Anonymous Monk has asked for the wisdom of the Perl Monks concerning the following question:

#!/usr/bin/perl while (<DATA>) { if (/(<\w+>)/) { $flag = $1; } if($flag =~ m/<Content>/){ s/\^[A-Z]/&lt;br\/&gt;/g; } else{ s/\^[A-Z]//g; } print; } __DATA__ <ID>^M <Number>124^M</Number>^M <Content> Some of the week's top stories:^M EASTON AREA^M BETHLEHEM AREA^M CARBON, SCHUYLKILL AND REGION^M^M have charged his mother's boyfriend, Paul Hoffman, with third-degree m +urder. Officials said the charges were filed after an exhaustive inve +stigation that showed Miller, who died Sept. 25, had the mental capac +ity of a 12-year-old.^M </Content> ^M ^M ^M ^M ^M ^M </ID>
The code above should substitute ^M with &lt;br\/>&gt; only with in the <Content> portion. and continuous &lt;br\/>&gt; should be replaced with single &lt;br\/>&gt; But the above code is replacing all the ^M after </Content> and before </ID>.

Replies are listed 'Best First'.
Re: substitution issue
by Marshall (Canon) on Nov 02, 2009 at 14:01 UTC
    I find your indenting style confusing as well as problem statement. However, this appears to meet your requirements.

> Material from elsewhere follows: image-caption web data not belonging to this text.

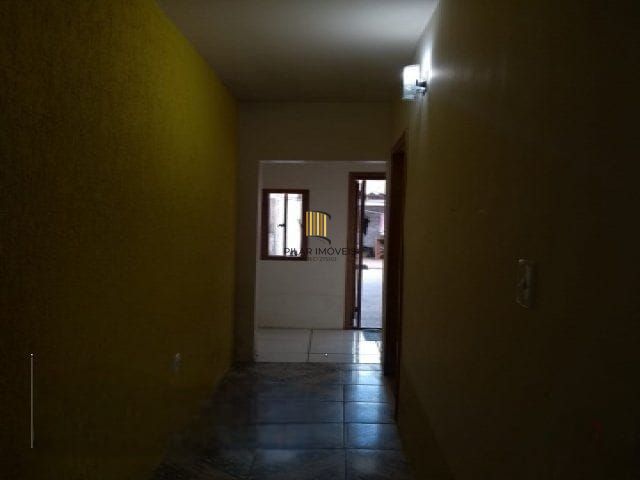 Casa no bairro Hípica - 3 dormitórios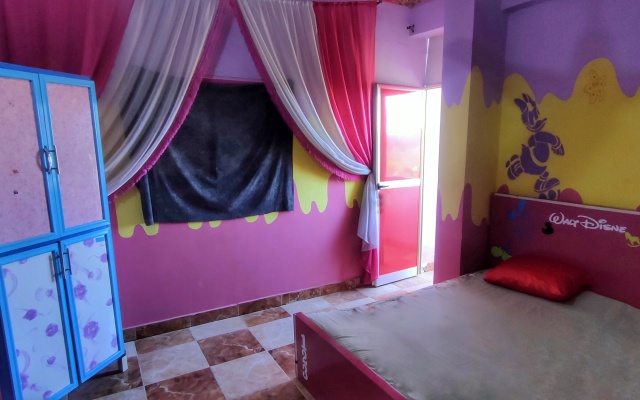 Ферма Esna House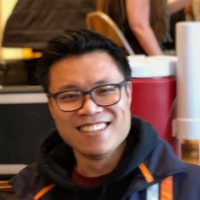 Comcast Employee Mike Zhang's profile photo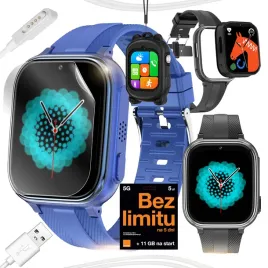 smartwatch-zegarek-dla-dzieci-telefon-4g-rozmowy-sms-z-grami-polskie-menu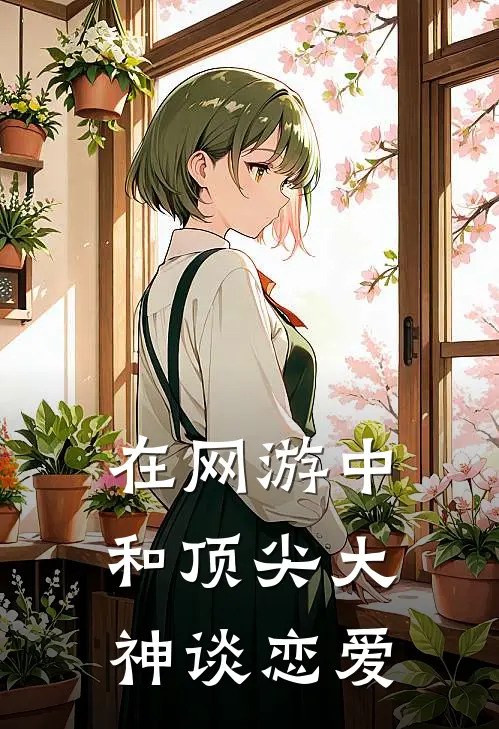 在网游中和顶尖大神谈恋爱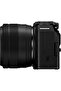 X-M5 + XC15-45mm Kit Black - 3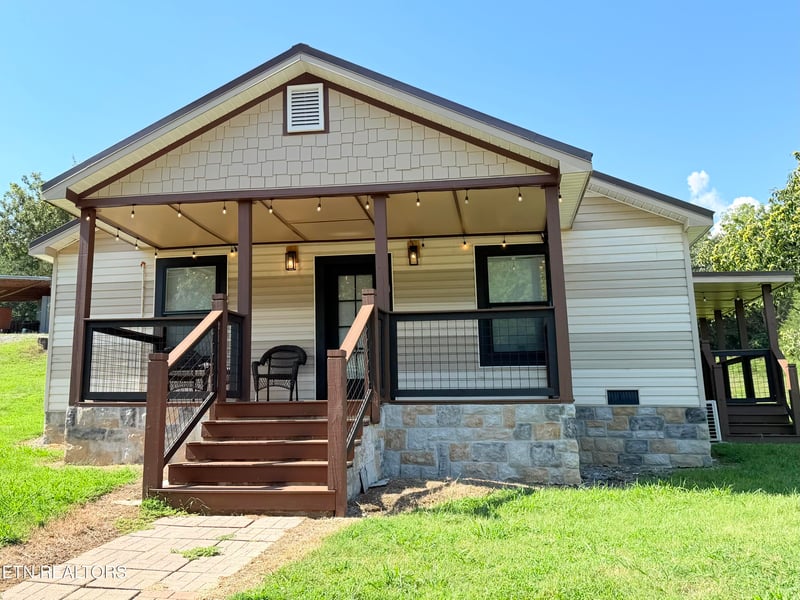 630 Allensville Rd, Sevierville, TN 37876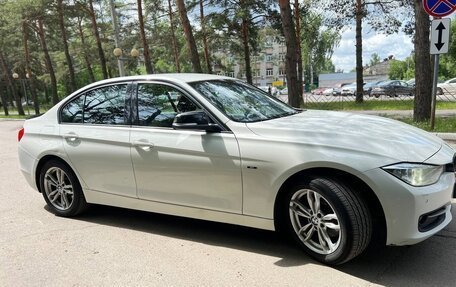 BMW 3 серия, 2013 год, 1 670 000 рублей, 6 фотография
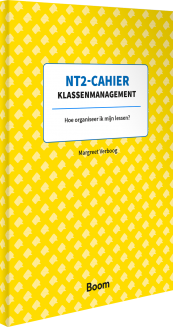 NT2-Cahier Klassenmanagement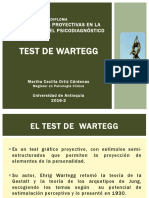 Test de Wartegg 8 Campos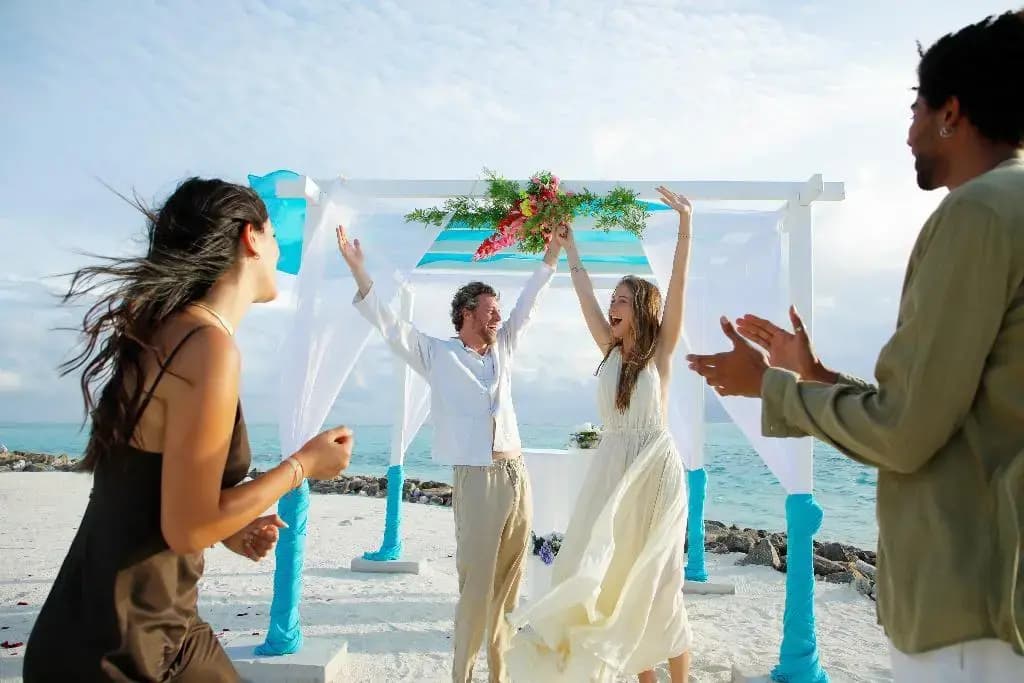 RIU Atoll All inclusive Hotel - photo 32
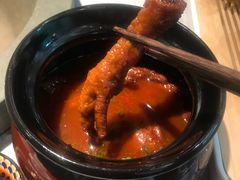 -滇色蒸汽石锅鱼(京华城店)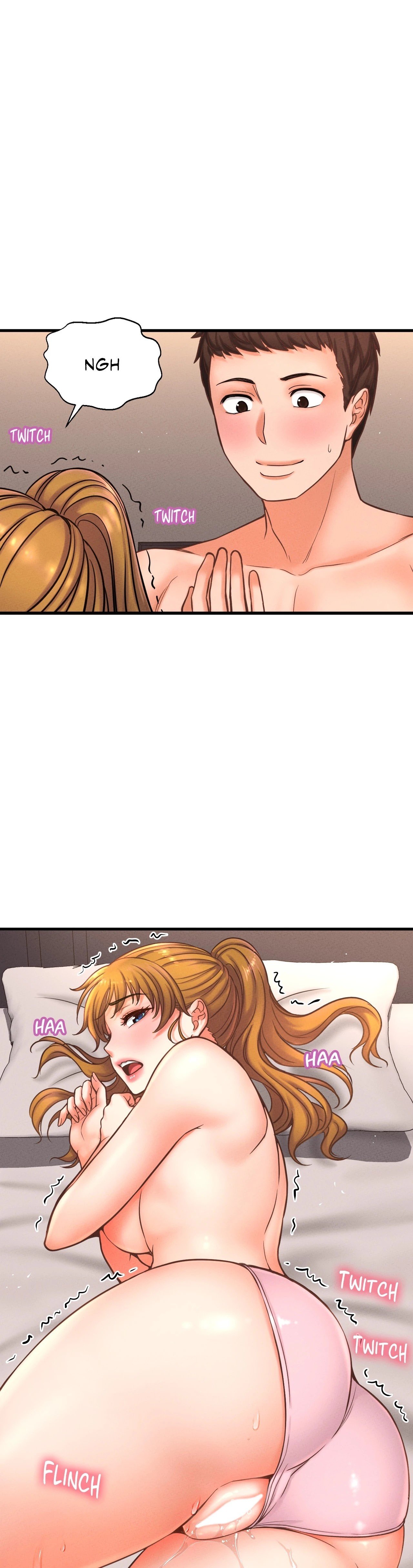 She's Driving Me Crazy Manhwa - Chapter 1 Page 103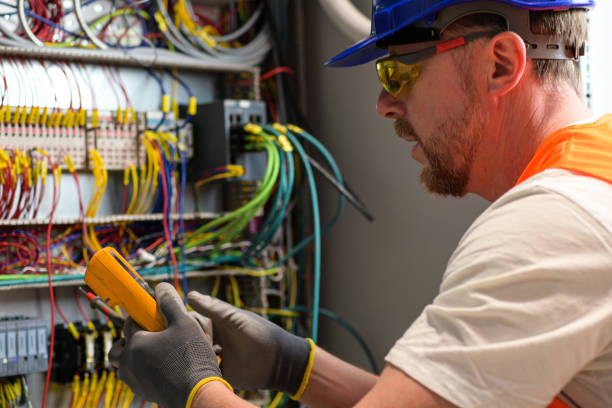 Best Licensed Electrician  in Eggertsville, NY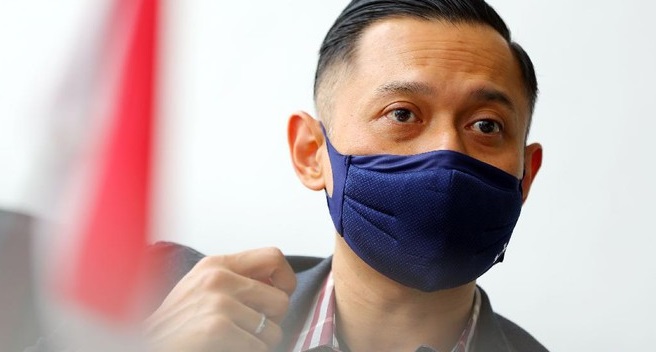 AHY Bertemu Anies Baswedan Sore Ini, Bahas Apa?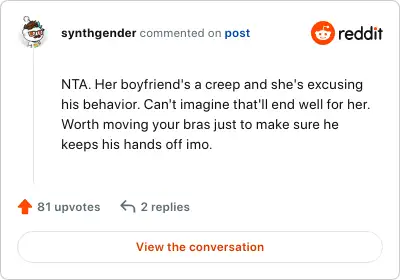 Image credit: synthgender | synthgender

    #!/usr/bin/perl -w use strict; while (<DATA>) { if (m|^\s*\<Content\>| ... m|^\s*\<\/Content\>|) { s/(\^M)+/\^M/g; #compress multiple ^M to one s/(\^M)/&lt;br\/>&gt/g; print $_ unless m|\<.?Content\>|; # don't print <Content> # or <\Content> lines } } =pod THE ABOVE CODE PRINTS: Some of the week's top stories:&lt;br/>&gt EASTON AREA&lt;br/>&gt BETHLEHEM AREA&lt;br/>&gt CARBON, SCHUYLKILL AND REGION&lt;br/>&gt have charged his mother's boyfriend, Paul Hoffman, with third-degree m +urder. Officials said the charges were filed after an exhaustive inve +stigation that showed Miller, who died Sept. 25, had the mental capac +ity of a 12-year-old.&lt;br/>&gt =cut __DATA__ <ID>^M <Number>124^M</Number>^M <Content> Some of the week's top stories:^M EASTON AREA^M BETHLEHEM AREA^M CARBON, SCHUYLKILL AND REGION^M^M have charged his mother's boyfriend, Paul Hoffman, with third-degree m +urder. Officials said the charges were filed after an exhaustive inve +stigation that showed Miller, who died Sept. 25, had the mental capac +ity of a 12-year-old.^M </Content> ^M ^M ^M ^M ^M ^M
Re: substitution issue
by JavaFan (Canon) on Nov 02, 2009 at 11:58 UTC
    $flag is set to a string consisting of \w characters. Then it's matched against /<Content>/. Considering that it's impossible for $flag to contain a < or a > character*, it will never match.

    * Unless you have a very weird locale in effect.

      $flag is set to a string consisting of \w characters.

      No.

Re: substitution issue
by vitoco (Hermit) on Nov 02, 2009 at 12:50 UTC

    Are ^M two chars (ie. ^ and M) or just a visual representation of \r byte (ie. CR)? From the first part of the substitution /\^[A-Z]/ I see you think that are two bytes, but if it's always a M, why are you seeking for the whole alphabet?

    BTW, your code is replacing ^M after </Content> because your flag is not reset by this closing tag.